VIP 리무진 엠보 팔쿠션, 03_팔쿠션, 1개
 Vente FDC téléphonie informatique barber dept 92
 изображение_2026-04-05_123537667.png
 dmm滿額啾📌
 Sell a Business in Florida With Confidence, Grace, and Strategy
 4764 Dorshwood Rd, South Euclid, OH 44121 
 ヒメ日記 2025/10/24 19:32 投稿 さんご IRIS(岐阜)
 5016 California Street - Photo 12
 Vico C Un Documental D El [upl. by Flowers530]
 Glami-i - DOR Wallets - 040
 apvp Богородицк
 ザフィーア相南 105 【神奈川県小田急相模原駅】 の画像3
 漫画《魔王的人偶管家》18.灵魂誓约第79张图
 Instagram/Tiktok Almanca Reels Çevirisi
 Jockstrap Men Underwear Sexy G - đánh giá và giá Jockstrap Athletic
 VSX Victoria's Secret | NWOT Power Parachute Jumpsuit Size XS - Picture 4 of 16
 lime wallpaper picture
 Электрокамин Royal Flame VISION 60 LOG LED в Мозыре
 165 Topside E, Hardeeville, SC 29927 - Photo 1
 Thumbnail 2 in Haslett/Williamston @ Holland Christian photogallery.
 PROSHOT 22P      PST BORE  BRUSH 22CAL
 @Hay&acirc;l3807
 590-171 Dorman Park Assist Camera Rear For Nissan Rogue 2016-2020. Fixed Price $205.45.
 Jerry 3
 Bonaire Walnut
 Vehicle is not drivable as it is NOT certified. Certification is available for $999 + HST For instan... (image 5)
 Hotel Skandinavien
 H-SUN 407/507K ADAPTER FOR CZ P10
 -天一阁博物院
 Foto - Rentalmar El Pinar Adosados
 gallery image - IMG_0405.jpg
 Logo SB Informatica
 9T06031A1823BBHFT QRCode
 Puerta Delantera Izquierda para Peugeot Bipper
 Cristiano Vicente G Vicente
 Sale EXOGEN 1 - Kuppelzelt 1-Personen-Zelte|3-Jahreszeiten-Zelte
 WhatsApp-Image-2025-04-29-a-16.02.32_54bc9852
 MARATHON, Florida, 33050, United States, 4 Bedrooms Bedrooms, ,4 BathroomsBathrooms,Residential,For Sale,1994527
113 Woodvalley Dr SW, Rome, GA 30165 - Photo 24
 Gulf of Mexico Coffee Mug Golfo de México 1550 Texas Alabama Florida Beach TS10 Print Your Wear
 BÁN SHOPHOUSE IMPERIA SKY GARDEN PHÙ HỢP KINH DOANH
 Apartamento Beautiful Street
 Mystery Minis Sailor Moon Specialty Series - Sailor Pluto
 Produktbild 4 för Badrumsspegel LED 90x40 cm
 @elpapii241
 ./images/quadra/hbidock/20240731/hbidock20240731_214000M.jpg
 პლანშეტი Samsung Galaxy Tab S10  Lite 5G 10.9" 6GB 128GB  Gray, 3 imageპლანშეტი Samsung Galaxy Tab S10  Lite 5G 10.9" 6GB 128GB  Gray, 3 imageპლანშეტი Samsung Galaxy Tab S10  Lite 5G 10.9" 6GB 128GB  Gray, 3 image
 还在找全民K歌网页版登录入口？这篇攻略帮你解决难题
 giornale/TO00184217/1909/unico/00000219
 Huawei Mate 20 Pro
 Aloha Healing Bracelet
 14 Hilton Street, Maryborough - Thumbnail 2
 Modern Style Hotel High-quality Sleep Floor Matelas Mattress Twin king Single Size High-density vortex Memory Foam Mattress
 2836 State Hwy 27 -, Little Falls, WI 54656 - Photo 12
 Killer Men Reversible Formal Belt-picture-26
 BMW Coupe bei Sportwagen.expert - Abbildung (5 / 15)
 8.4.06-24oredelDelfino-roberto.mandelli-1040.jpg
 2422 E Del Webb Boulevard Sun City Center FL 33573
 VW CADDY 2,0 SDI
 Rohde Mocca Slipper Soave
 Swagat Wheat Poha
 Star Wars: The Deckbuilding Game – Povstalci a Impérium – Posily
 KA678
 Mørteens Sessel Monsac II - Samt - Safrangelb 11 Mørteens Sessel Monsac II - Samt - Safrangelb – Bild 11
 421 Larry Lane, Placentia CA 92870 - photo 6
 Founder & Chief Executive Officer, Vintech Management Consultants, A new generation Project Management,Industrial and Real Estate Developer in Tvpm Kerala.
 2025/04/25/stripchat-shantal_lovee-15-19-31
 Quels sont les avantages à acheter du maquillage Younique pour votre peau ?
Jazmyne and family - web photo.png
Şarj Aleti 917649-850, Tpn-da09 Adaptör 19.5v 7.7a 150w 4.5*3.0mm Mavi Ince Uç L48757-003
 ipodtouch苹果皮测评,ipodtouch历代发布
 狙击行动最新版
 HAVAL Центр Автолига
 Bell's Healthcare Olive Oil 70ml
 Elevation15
*-*-*
→ **WHAT YOU NEED TO DO**: Reproduce every line above that contains the string "Thumbnail".

→ **ANSWER FOR THE TASK**:
 Thumbnail 2 in Haslett/Williamston @ Holland Christian photogallery.
 14 Hilton Street, Maryborough - Thumbnail 2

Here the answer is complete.